Après 1967, la propagande soviétique présente les Juifs comme des oppresseurs et diffuse cette vision dans plusieurs mouvements antiracistes internationaux. Certains courants du nationalisme arabe utilisent l’analogie de la colonisation française en Algérie pour présenter les Juifs comme des occupants étrangers, niant ainsi leur lien historique avec la terre et justifiant l’idée d’un départ forcé.

Progressivement, certains discours antiracistes excluent les Juifs, nient leur vulnérabilité et vont jusqu’à les comparer aux nazis dans une inversion accusatoire.

Exemple historique : La propagande soviétique décrivant le sionisme comme impérialiste et ignorant la vulnérabilité juive.

Figure 21 : A. Zenin. (1972). « In is own image », Sovietskaya Moldavia.

Dans cette caricature soviétique, un homme d’âge moyen y est dépeint avec des traits juifs stéréotypés tenant une hache ensanglantée. Son ombre prend la forme d’Adolf Hitler. L’ombre de l’étoile de David devient une croix gammée.

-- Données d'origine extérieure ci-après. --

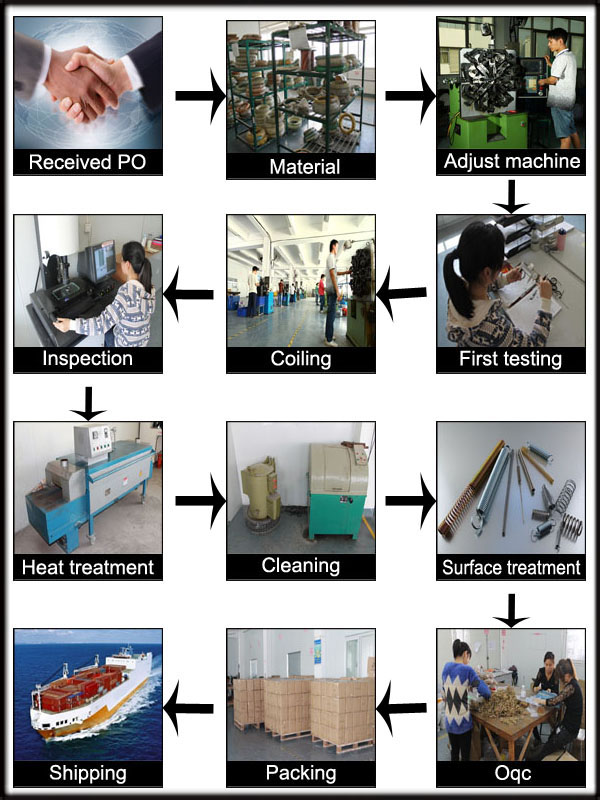 Custom Many Kinds of Compression Spring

Exemple contemporain : Exclusion des Juifs du discours antiraciste et leur perception comme des oppresseurs ou des élites puissantes.

Figure 22 : Saletan, W. (2023). Two-Thirds of Americans 18-24 Believe That Jews Are Oppressors. The National Review. Two-Thirds of Americans 18-24 Believe Jews Are Oppressors | National Review.

Cette capture d’écran présente une publication résumant les résultats d’un nouveau sondage de Harvard et Harris. Les résultats, présentés sous forme de tableau et de diagramme circulaire, montrent que 67 % des jeunes américains déclarent être d’accord avec l’énoncé : « Les Juifs, en tant que groupe, sont des oppresseurs et devraient être traités comme des oppresseurs ».

Conclusion :

L’antisémitisme a changé de forme au fil des siècles, mais il reste bien présent aujourd’hui. Pour le combattre, il faut miser sur l’éducation, la vigilance face aux discours de haine et la solidarité entre communautés. Chacun peut agir, en refusant les stéréotypes et en soutenant une société fondée sur la dignité et le respect de tous.